Marathon
Marathon is an Apache Mesos framework for long-running applications. Given that
you have Mesos running as the kernel for your datacenter, Marathon is the
init
or upstart
daemon.
Marathon provides a REST API for starting, stopping, and scaling applications. Marathon is written in Scala and can run in highly-available mode by running multiple copies of Marathon. The state of running tasks gets stored in the Mesos state abstraction.
Try Marathon now on Elastic Mesos and learn how to use it in Mesosphere’s interactive Marathon tutorial that can be personalized for your cluster.
Marathon is a meta framework: you can start other Mesos frameworks such as Chronos or Storm with it to ensure they survive machine failures. It can launch anything that can be launched in a standard shell. In fact, you can even start other Marathon instances via Marathon.
Features
- HA – run any number of Marathon schedulers, but only one gets elected as leader; if you access a non-leader, your request gets proxied to the current leader
- Constraints - e.g., only one instance of an application per rack, node, etc.
- Service Discovery & Load Balancing via HAProxy or the events API (see below).
- Health Checks: check your application’s health via HTTP or TCP checks.
- Event Subscription lets you supply an HTTP endpoint to receive notifications, for example to integrate with an external load balancer.
- Web UI
- JSON/REST API for easy integration and scriptability
- Basic Auth and SSL
- Metrics: available at
/metrics
in JSON format
Overview
The graphic shown below depicts how Marathon runs on top of Mesos together with
the Chronos framework. In this case, Marathon is the first framework to be
launched and it runs alongside Mesos. In other words, the Marathon scheduler
processes were started outside of Mesos using init
, upstart
, or a similar
tool. Marathon launches two instances of the Chronos scheduler as a Marathon
task. If either of the two Chronos tasks dies – due to underlying slave
crashes, power loss in the cluster, etc. – Marathon will re-start a Chronos
instance on another slave. This approach ensures that two Chronos processes are
always running.
Since Chronos itself is a framework and receives Mesos resource offers, it can start tasks on Mesos. In the use case shown below, Chronos is currently running two tasks. One dumps a production MySQL database to S3, while another sends an email newsletter to all customers via Rake. Meanwhile, Marathon also runs the other applications that make up our website, such as JBoss servers, a Jetty service, Sinatra, Rails, and so on.

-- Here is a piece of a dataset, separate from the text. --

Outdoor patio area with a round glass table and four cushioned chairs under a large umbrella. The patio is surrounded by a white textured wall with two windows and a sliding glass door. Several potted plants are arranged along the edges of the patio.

The next graphic shows a more application-centric view of Marathon running three applications, each with a different number of tasks: Search (1), Jetty (3), and Rails (5).
As the website gains traction and the user base grows, we decide to scale-out the search service and our Rails-based application. This is done via a REST call to the Marathon API to add more tasks. Marathon will take care of placing the new tasks on machines with spare capacity, honoring the constraints we previously set.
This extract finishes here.